Sie ist nicht mehr nur ein Schreckgespenst: Die Inflation sorgt seit Wochen dafür, dass Strom, Wärme und Lebensmittel teurer werden. Bundesweit müssen die Bürgerinnen und Bürger mehr bezahlen, aber bei gleichbleibendem Budget. Bei den Tafeln im Land spitzt sich die Lage zu. Immer mehr Bedürftige kommen zu der wöchentlichen Lebensmittelausgabe. Andreas Glindmeier von der Tafel in Süderbrarup (Kreis Schleswig-Flensburg) spricht von einer "dramatischen Situation".

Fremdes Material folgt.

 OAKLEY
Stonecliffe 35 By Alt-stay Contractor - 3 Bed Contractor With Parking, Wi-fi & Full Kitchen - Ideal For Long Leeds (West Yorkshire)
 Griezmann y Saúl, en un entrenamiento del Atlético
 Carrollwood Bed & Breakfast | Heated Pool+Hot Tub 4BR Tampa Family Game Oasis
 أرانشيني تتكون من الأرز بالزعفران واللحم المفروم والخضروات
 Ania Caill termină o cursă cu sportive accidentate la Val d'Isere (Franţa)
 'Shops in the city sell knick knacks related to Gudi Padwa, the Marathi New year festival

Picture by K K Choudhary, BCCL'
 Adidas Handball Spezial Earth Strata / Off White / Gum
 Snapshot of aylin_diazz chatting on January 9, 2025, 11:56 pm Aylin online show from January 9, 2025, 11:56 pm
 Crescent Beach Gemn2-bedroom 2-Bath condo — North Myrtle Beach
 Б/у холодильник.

Inzwischen versorgt die Tafel bis zu 150 Familien. Das entspricht Glindmeier zufolge 600 bis 700 Menschen. 25 Ehrenamtliche engagieren sich im Tafel-Team, Träger ist die Diakonie. "Die überrennen uns inzwischen", sagte Glindmeier. Jeden Freitag ist Ausgabetag. Dann werden die Lebensmittel, die teils von Privatpersonen, teils von Unternehmen gespendet wurden, an die Bedürftigen ausgegeben. Jede Woche werden es mehr. Zuletzt kamen 30 Menschen aus der Ukraine neu dazu. Vor allem alleinerziehende Frauen mit ihren Kindern kommen zur Tafel, aber auch ältere Frauen, deren Rente nicht reicht.

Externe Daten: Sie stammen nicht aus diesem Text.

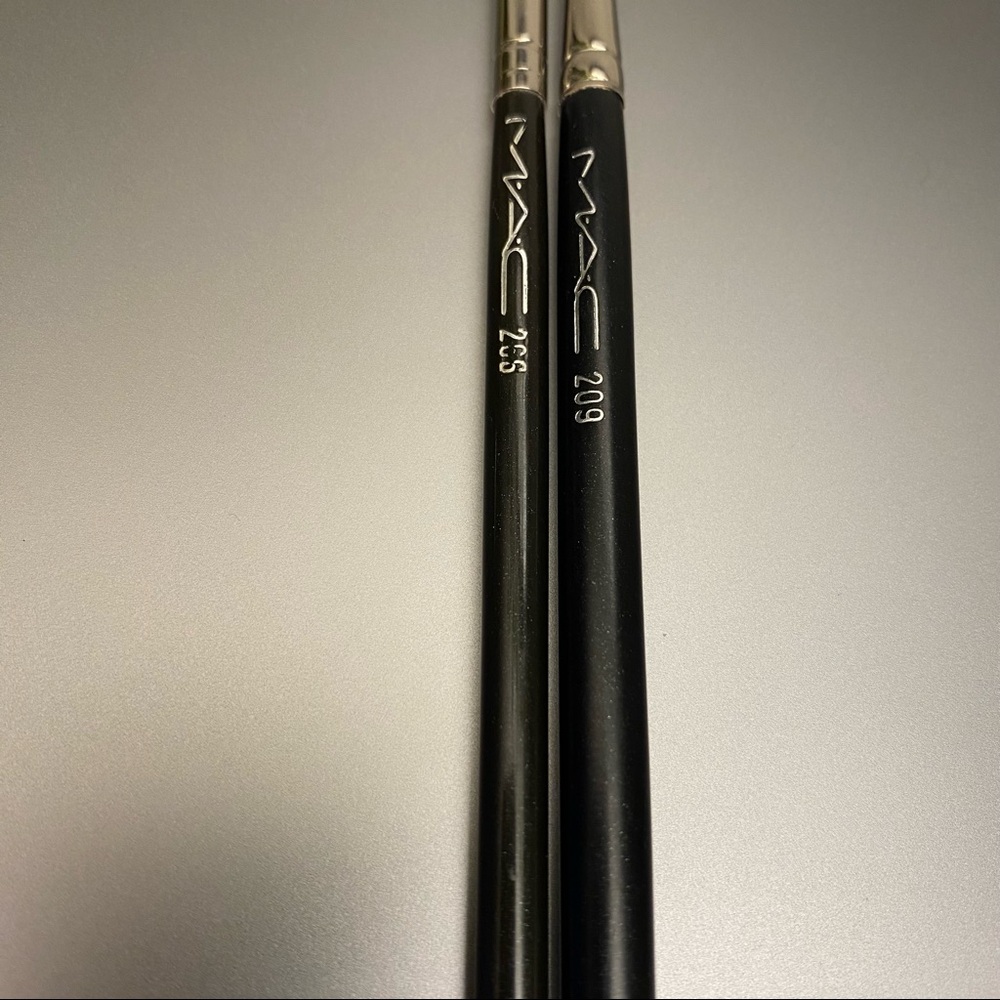 MAC 266 & 209 Natural Hair Brushes - Picture 4 of 7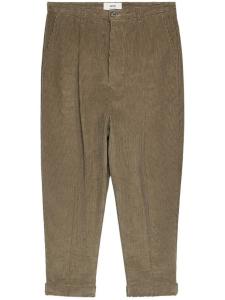 AMI Paris зауженные брюки со складками, коричневый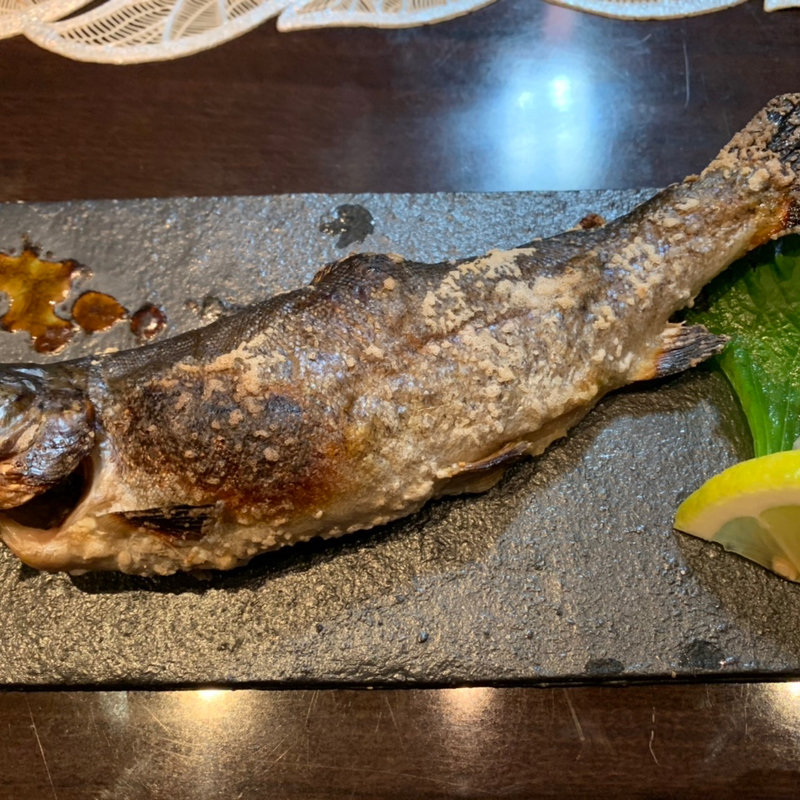 ニジマス焼き(飯屋 だゑん 〜拿縁〜)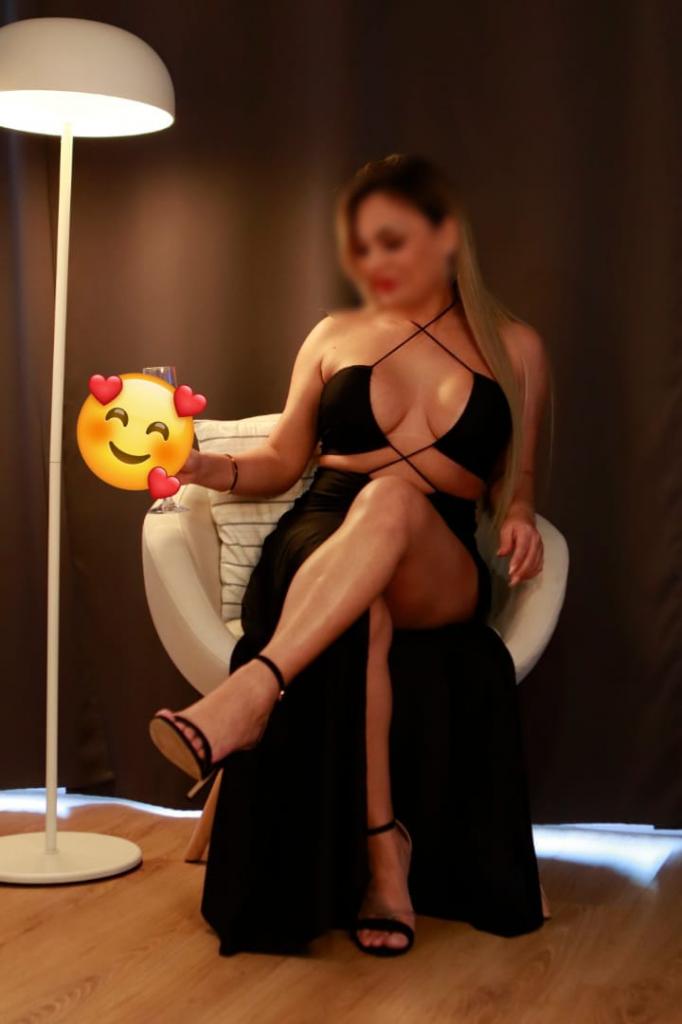 643864894: Chica busca chico en Granada
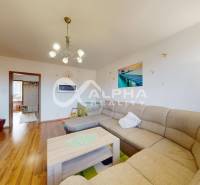 EXKLUZÍVNE 3i byt s loggiou, Spišské Podhradie - Svetlý obývací priestor v 3-izbovom byte s veľkou pohovkou a podlahou s dreveným dekorom.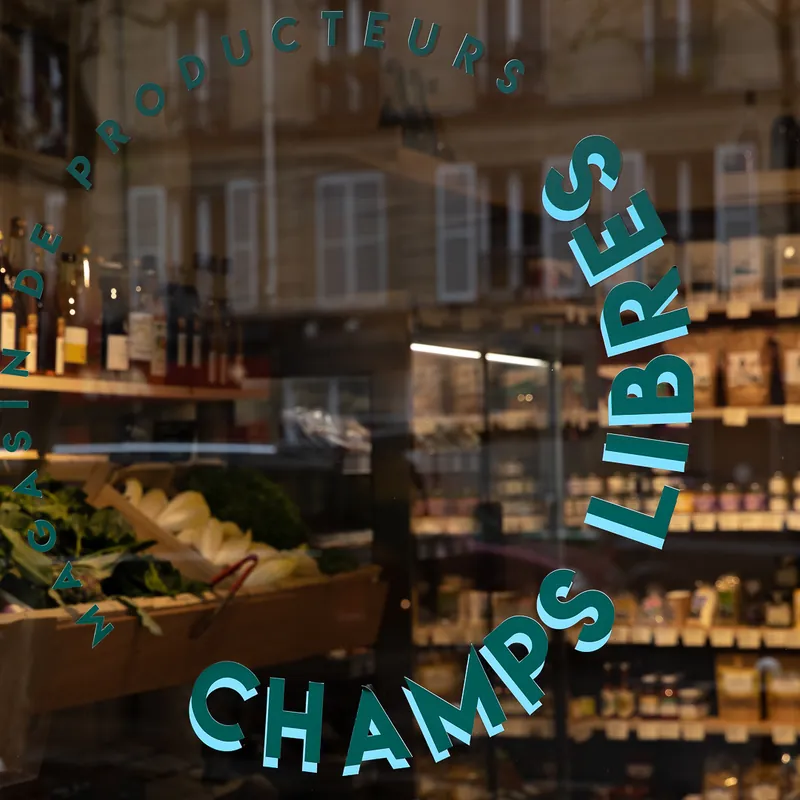 Vitrine Champs Libres, magasin de producteurs à Paris, avec épicerie et produits locaux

Höherer Bedarf, weniger Spenden
Die Tafeln kämen mit dem Versorgen kaum noch nach, so Glindmeier. Zugleich würden nicht mehr, sondern eher weniger Lebensmittel gespendet. Betriebe kauften wegen der hohen Preise gezielter ein, schauten genauer als früher, was weggegeben werde und was nicht. Aufgrund der Situation habe die Tafel in Kappeln an der Schlei bereits einen Aufnahmestopp verhängt. Weitere Menschen können dort keine Lebensmittel erhalten. Sie kommen zur Tafel nach Süderbrarup. Glindmeier möchte aber niemanden wegschicken. "Die sind alle hilfsbedürftig. Wir versuchen unser Bestes."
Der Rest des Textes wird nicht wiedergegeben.